Dragonfly: Sign Language to Voice System
Abstract: DragonFly is a system we have developed that bridges the communication gap between deaf and hearing individuals. This technology enables deaf and hearing individuals to communicate with each in their own languages using mobile devices, such as smartphones and tablets. With this application, the deaf person uses sign language, the hearing person speaks, and the system automatically translates what they said to each other. This tool is designed for use in impromptu situations when interpreters are not available, and can be used either face-to-face or virtually. To develop this innovative new capability, we have developed state-of-the-art Artificial Intelligence (AI), Automated Sign Language Recognition (ASLR), Machine Learning (ML) and Machine Translation (MT) algorithms.

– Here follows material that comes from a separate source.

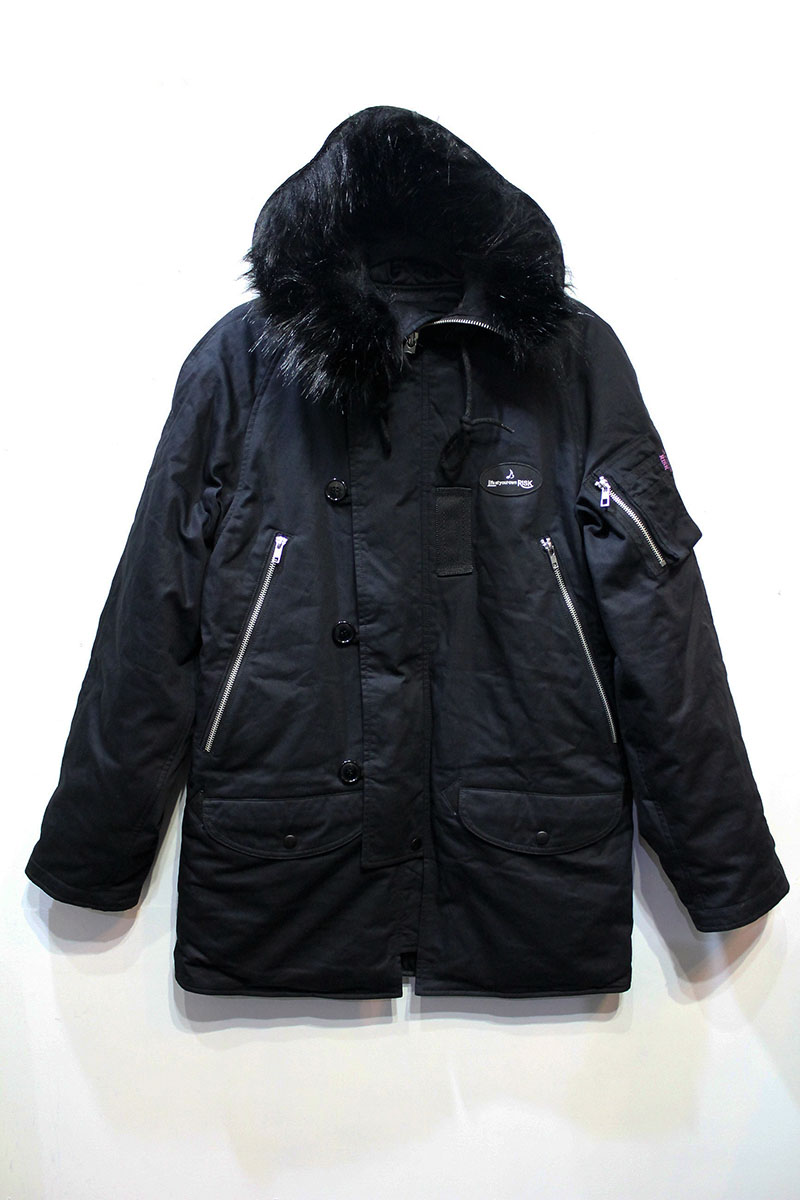 【N-3Bジャケット】【リバーシブル ストールマフラー】入荷!_e0293755_20333635.jpg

Summary: Dragonfly is a technology that enables deaf and hearing individuals to communicate with one another in real-time, face-to-face, each in their own languages, without the assistance of an interpreter. Dragonfly embodies the ‘power of you’ by enabling deaf users to communicate with non-signers in situations where an interpreter is not available. This capability opens up opportunities for deaf users to have more types of interactions with hearing individuals in a variety of different situations in everyday life. The system currently translates American Sign Language (ASL)-English, and once it is commercialized, our vision is to have it developed to translate more languages; for example, Japanese Sign Language, French, etc.
At this workshop, we will present the research and development (R&D) we have been conducting to develop ASL-English MT that runs on mobile devices and demonstrate the Dragonfly system. We will show how the system captures and translates both sides of the conversation. We will demonstrate how the system takes what someone has signed and automatically translates and enunciates it into English for the hearing person. We will show the avatar we have developed that takes what the hearing person has said and signs it for the deaf speaker to see.
In addition, we will brief our ongoing efforts to increase the accuracy of the system’s automated translations. We will also discuss our plans for commercializing this technology and our goal for eventually having the system be able to translate between multiple languages and dialects.
Learning Objectives: The audience will be able to learn about this new, enabling technology and the commercialization plans we are putting in place to push this capability out in the near future. They will learn about how this innovative tool will empower the deaf user and facilitate inclusion by helping to increase the number of conversations between the hearing and deaf communities and foster relationship building. The audience will come away with information about a new technology that they may be interested in availing themselves of when it becomes available.